Gillick said last fall that he planned to leave the Phillies on Oct. 31 of this year, when his current three-year contract expires. That is still the plan, Gillick said yesterday.
"I haven't been home a lot in the last 10 years," said Gillick, whose wife stayed in the Seattle area after the Phillies hired him in 2005. "It gets kind of old being on the road for 10 years."
Gillick won two World Series titles as GM in Toronto and has seven division championships and nine playoff appearances with three teams -- the Blue Jays, Baltimore and Seattle.
The Phillies are making consecutive postseason appearances for the first time since 1980-81, and are on the verge of a spot in the NL championship series.
"My contract runs out on the 31st, and the last game of the World Series is on the 30th. So hopefully we'll be there," he said. "I'm not really thinking about [retirement] right now. I'm thinking about this game today."
The White Sox fortunes now rest on two pitchers with little major-league experience before this year. But John Danks and Gavin Floyd have leaped from the back of the rotation to be crucial in the team's success, and even the most experienced teammates are confident they can avoid elimination in the American League Division Series because of them. "They're the two best pitchers we've had going all year," staff ace Mark Buehrle said. "They're young guys who haven't been in a playoff game, other than the makeup game [and tiebreaker], but they're our two best."
Alexei Ramirez wasn't even guaranteed a spot on the White Sox's opening day roster. Now, he and Tampa Bay third baseman Evan Longoria are leading candidates for AL Rookie of the Year and are at the top of a strong group of newcomers.

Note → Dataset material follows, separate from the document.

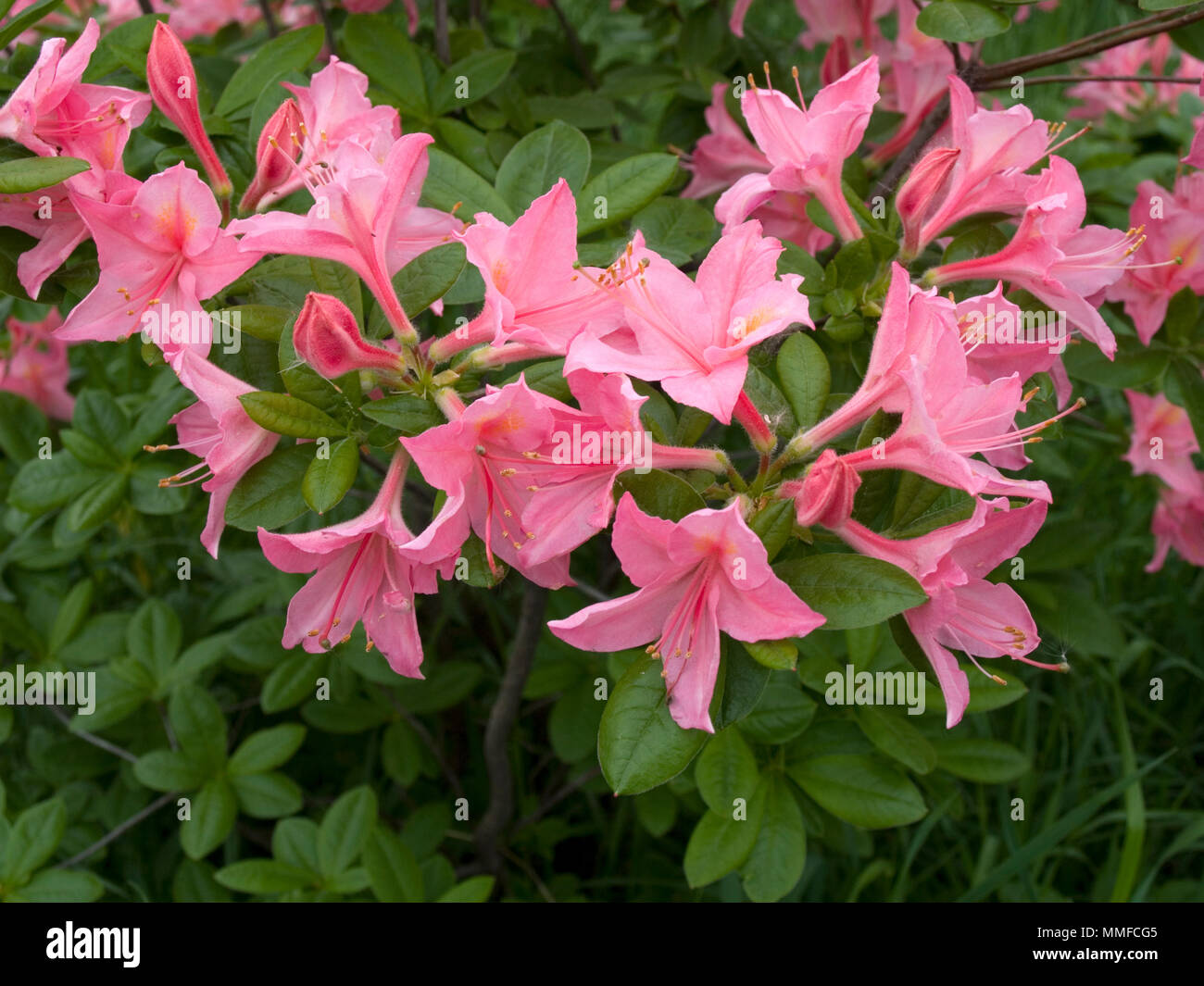 Flowering Rhododendron shrub Stock Photo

White Sox manager Ozzie Guillen said, "there's a new era of baseball players coming out," and "those two guys are going to be the key."

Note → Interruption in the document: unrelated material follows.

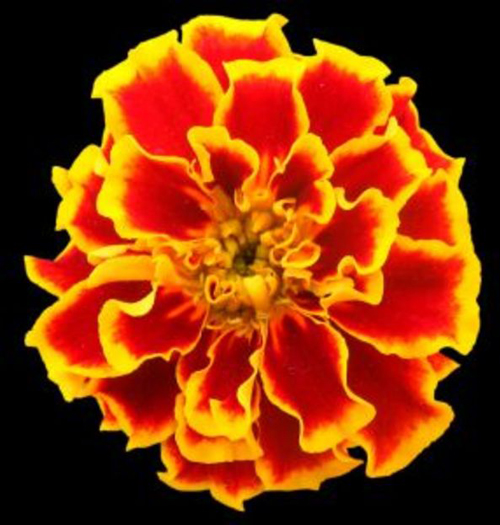 Marigold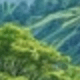 彩色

A Chicago native, Tampa Bay outfielder Cliff Floyd said "sometimes you have to pinch yourself" with all the good fortune he has experienced this season. A year ago, he was on a Cubs team that got swept out of the playoffs. Now, he's trying to knock off the White Sox, his favorite team growing up.
"We're in the playoffs, I have an opportunity to come back home and see all my people in the playoffs, up 2-0," he said.
"It can get better and hopefully it does get better. It's been a great ride for me."
Given the state of the U.S. economy, baseball commissioner Bud Selig warned team owners not to "get too cocky" and overprice game tickets.
"Because you do pay a price," Selig said.
Speaking before Game 3 of the NL playoff series between the Phillies and Brewers, Selig called 2008 a "phenomenal success" for baseball despite a decline in attendance that Selig attributed to bad weather and high gas prices.
But Selig acknowledged concern about a prolonged economic downturn and how it might affect the sport next year.
"I think anybody in every business is concerned," Selig said.
Selig was optimistic about baseball economics, citing playoff appearances by the small-market Brewers and Tampa Bay Rays as an example of the positive effects of revenue sharing.